Samstagsmütter erinnern an ermordete Menschenrechtler

Auf ihrer heutigen Kundgebung gegen das „Verschwindenlassen“ in Gewahrsam hat die Initiative der Samstagsmütter das Schicksal des Anwalts Metin Can und des Arztes Hasan Kaya thematisiert. Beide wurden vor 27 Jahren von der Konterguerilla ermordet.

Zum 781. Mal ist die Initiative der Samstagsmütter in Istanbul auf die Straße gegangen, um gegen die staatliche Praxis zu demonstrieren, Menschen in Gewahrsam zu ermorden und die Leichen verschwinden zu lassen. Seit 81 Wochen wird die Kundgebung auf dem angestammten Galatasaray-Platz in der Istanbuler Fußgängerzone Istiklal Caddesi allerdings verboten. Die Samstagsmütter kamen stattdessen wieder in einer kleinen Seitenstraße vor der Zweigstelle des Menschenrechtsvereins IHD zusammen. Unterstützt wurde die Mahnwache vom CHP-Abgeordneten Sezgin Tanrikulu sowie zahlreichen Menschenrechtler*innen

Das Thema der heutigen Kundgebung war die Ermordung des Rechtsanwalts Metin Can und des Arztes Hasan Kaya. Beide Männer engagierten sich bis zu ihrem gewaltsamen Tod in der nordkurdischen Provinz Xarpêt (Elazığ) für den IHD.

Die Geschichte

Am 21. Februar 1993, es war ein Sonntag, erhielt Metin Can einen Anruf. „Ihr Mandant ist verletzt festgenommen worden“, sagte die Stimme am anderen Ende der Leitung. Can setzte sich sofort ins Auto, holte seinen Freund Hasan Kaya ab und fuhr los. Sechs Tage später waren beide Männer tot. Ihre Leichen wurden von spielenden Kindern unter der Dinar-Brücke in Xarpêt, etwa zwei Kilometer von der nächsten Wache der türkischen Militärpolizei entfernt, gefunden. Metin Can und Hasan Kaya waren regelrecht zerstümmelt worden, bevor man sie mit Kopfschüssen hinrichtete.

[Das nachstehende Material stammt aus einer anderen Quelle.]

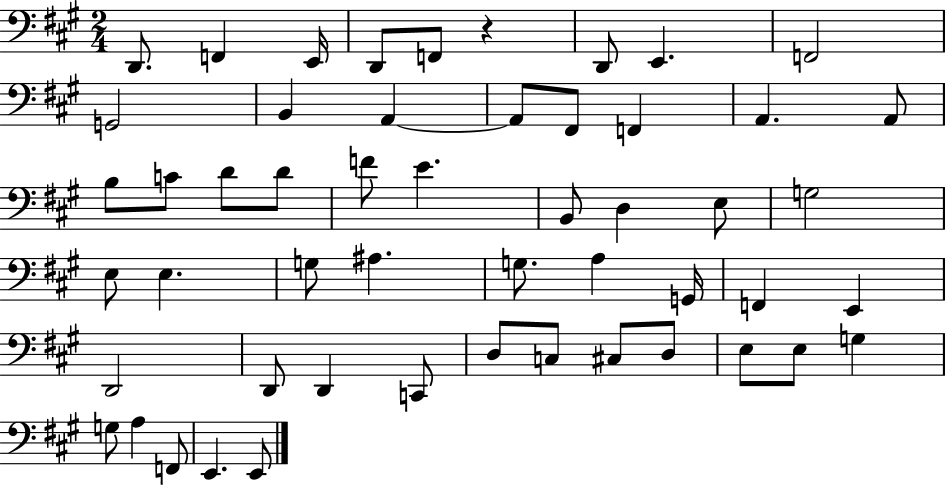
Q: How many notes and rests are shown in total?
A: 52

Die Autopsie der Leichen ergab, dass die Männer erst fünf Tage nach ihrer Entführung ermordet wurden. Kaya hatte man ein Auge ausgeschlagen und den Schädel zertrümmert, Can wies unter anderem Verletzungen im Gesicht auf, die von Schlägen herrührten. Ihre Hände waren auf dem Rücken mit Kupferkabel zusammengebunden.

Die Entführung und der Mord entsprachen dem bekannten Muster der Attentate der Konterguerilla – Todesschwadronen des JITEM, dem informellen Geheimdienst der türkischen Militärpolizei, dessen Existenz vom türkischen Staat jahrelang geleugnet wurde und der für mindestens vier Fünftel der unaufgeklärten Morde in Nordkurdistan verantwortlich ist. Später hatten Zeugen bestätigt, Metin Can und Hasan Kaya im Beisein von Polizisten in Zivil gesehen zu haben. Ein IHD-Vorstandsmitglied konnte eine dieser Personen identifizieren: es handelte sich um den JITEM-Angehörigen Ayhan Öztürk. Die Hinterbliebenen der Ermordeten strengten zwar einen Prozess in der Türkei an, scheiterten jedoch am gültigen Feindstrafrecht. Daraufhin zogen sie vor den Europäischen Gerichtshof für Menschenrechte (EGMR), der die Türkei verurteilte.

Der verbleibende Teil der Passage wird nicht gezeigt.